I recently caught up with a lawyer friend who provides a service of reviewing legal bills. He totally opened my eyes and I felt that this information was vital to be shared with the rest of the startup community.

Firstly, let’s go back to that services agreement you signed. If you think about it, if your lawyer isn’t giving you a services contract that benefits them, they’re probably not very good lawyers. It likely has all sorts of clauses in there for how they can take their pound of flesh. But that doesn’t mean you can’t push back and negotiate these terms. Just make sure they don’t charge you for negotiating the contract!

Here are some things you should watch out for:

  1. Rounding.
    Lawyers have hourly rates. But they usually bill you in six minute increments. So let’s say a lawyer’s fee is $600 per hour (which is $10 per minute). He speaks to you on the phone for 2 minutes. That just cost you $60. Not $20. That’s a $40 rounding charge. Wow. Another way to think of it is a 200% markup.
    You can push back on this. If the firm says they technically can’t bill in lower increments, then politely ask for them to round down rather than round up or request a flat fee discount (such as 10%) for rounded time.
  2. Hourly Rates are variable.
    Can you imagine saying to your customers that your rates are variable and it depends on who does the work, and then not publishing that schedule of fees? No? Well, lawyers do this all the time.
    Ask them to explicitly state the rates of the lawyers who will likely be working on your account and push for their floor rates.
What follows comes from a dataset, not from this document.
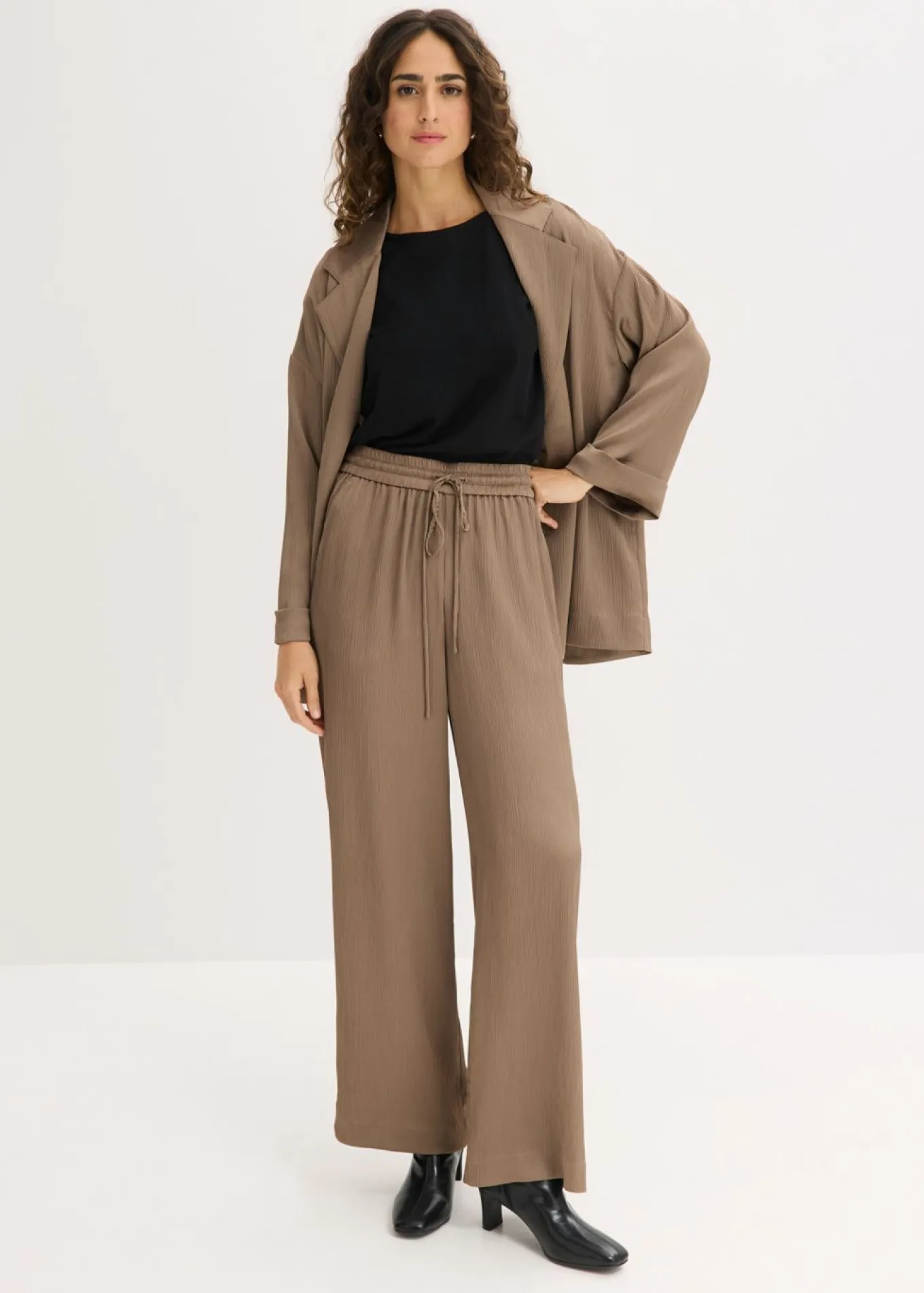 Pantalón ancho con cinturilla cómoda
You can ask for this: you’re a startup.
  3. Hourly Rates are subject to increase.
    There’s likely a clause that essentially says they can increase rates at their own discretion and the new rate will show up in the bill after it has been incurred. Again, imagine telling your customers that you’re going to increase the rates and bill them without giving them notice!
    Make sure they seek approval for these increases in advance.
  4. Charging for law students.
    Make sure that you don’t get billed $200 per hour for a law student. It’s not your responsibility to pay for their education. You might be thinking, “Of course, no law firm would charge me for a student!” Think again.
  5. Third Party Expenses.
    There’s a clause in your agreement that talks about incurring expenses in connection with your representation and they can bill you for these up to a certain amount without prior approval.
    Tell them you require them to get your approval before incurring such expenses. And list out the expenses you will not pay for. It’s likely they will have a clause detailing the types of third party expenses they can incur on your behalf. Push back on this list and exclude items like mileage, travel, food, phone charges, copying and research expenses such as Lexis-Nexis, storage and data management services.
  6. Travel Time.
    Let’s say they need to fly across the country for a meeting. They will charge you for their travel time. They may be doing work for someone else while they travel, but they’ll charge you as well. And they may combine their trip with a meeting they need to take for another client, so they could charge them for travel time as well.
    Push back on this and say you won’t pay for travel time.
  7. Resource double-up.
    You’ll have a conference call scheduled and they’ll invite additional attorneys to sit in. And they’ll charge you for it, even though they may not say a word during the meeting.
    Add a clause to your contract that says, “We agree not to bill you for any more than one attorney on any conference call with you.“
  8. Vague line items.
    If you receive a bill that just says “Legal Services”, then it’s going to be pretty hard to dispute. Make sure you ask for detailed descriptions and that they don’t charge you for any time they spend detailing their time.
  9. Value Billing.
    Let’s say your lawyer wrote a legal brief for another client and it took him 8 hours. If you have a similar case, he may be able to simply tweak the brief he wrote in the first case and use it in your case. Let’s say he spent 1 hour tweaking the old brief to fit into your case. He should only bill 1 hour for that, but some attorneys will bill the full 8 hours for the second brief as if they had created it from scratch.
  10. Routine Services.
    There are a bunch of legal services you just don’t need a top shelf Silicon Valley lawyer for. If you use your lawyer, you’ll get charged way more than if you used a regular lawyer or even an online legal service. For example, I recently used MyUSACorporation.com to change my company’s name. It was simple and painless and a couple hundred dollars.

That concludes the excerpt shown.